Rather than an occasion of exuberant festivities and joyous parties, it is a solemn day of introspection on which Muslims renew their resolve to come ever closer to God.
Ashurah means "ten." The festival of Ashurah occurs on the tenth day of Muharram and is a day of voluntary fasting. It is by tradition the anniversary of two important events: Noah's leaving the Ark, and Moses' freeing of the Israelites from Pharaoh's bondage.
Shiah Muslims mourn on this day, as it is also the anniversary of the martyrdom of Husein, Muhammed's grandson, at Karbala, Iraq, in A.D. 680.
The Prophet's Birthday
Muhammed was born on 20 April 570 which, according to the Muslim calendar, is the twelfth day of its third month, Rabi' al-Awal. The founder of Islam, he was, according to Muslim faith, the greatest and last of all prophets. He was "the seal of prophecy," to whom God revealed the entirety of the Quran - all of its 114 chapters, or Suras, as they are called. The day of his birth, therefore, was of paramount importance and its anniversary is an occasion for special celebration.
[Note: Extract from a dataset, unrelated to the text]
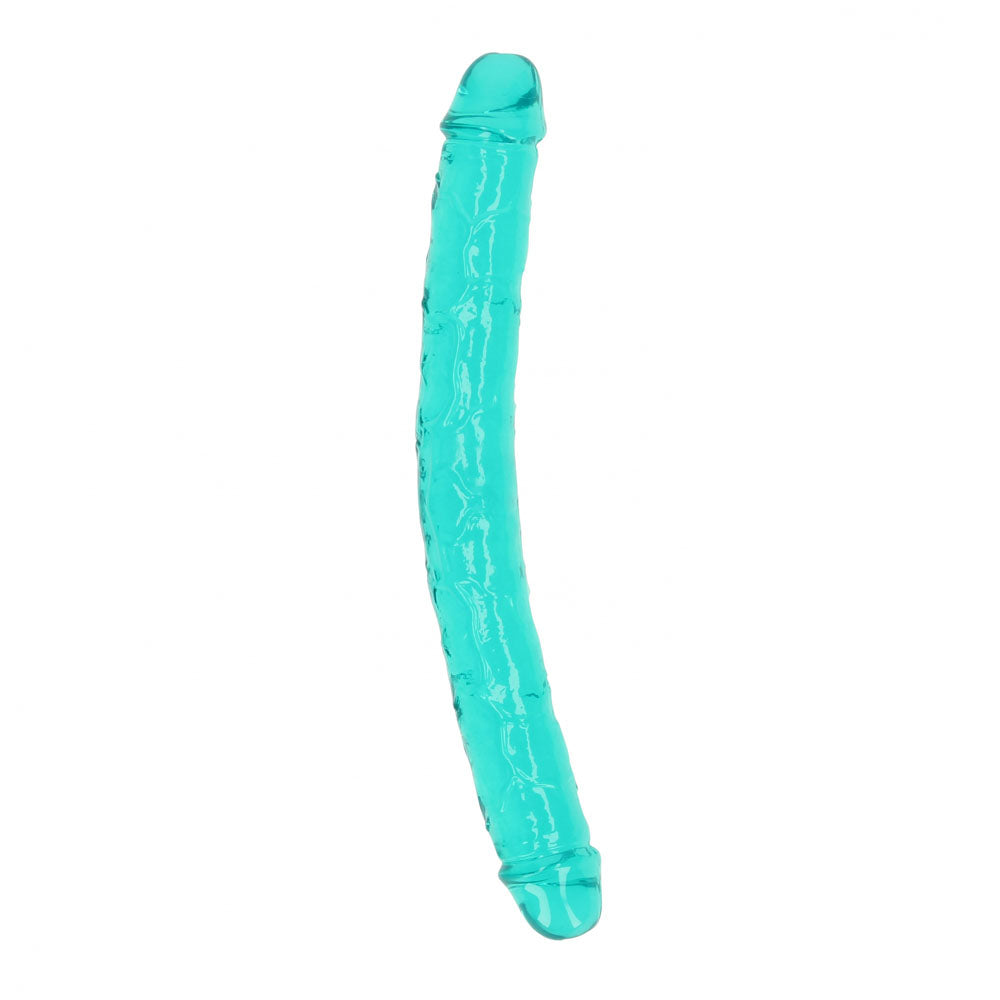 REALROCK 34 cm Double Dong - Turquoise 34 cm (14'') Double Dong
Gatherings and processions distinguish the day, with the participants sharing traditional sweets and pastries.
The Night of the Ascent
The night of Muhammed's ascent to heaven - on 27 Rajab, the seventh month of the calendar - is celebrated annually. On that night, so tradition has it, Muhammed, guided by the Archangel Gabriel, traveled from Mecca to Jerusalem where he ascended to heaven from a rock. The rock from which he alighted to celestial heights is now venerated in the Mosque of the Rock.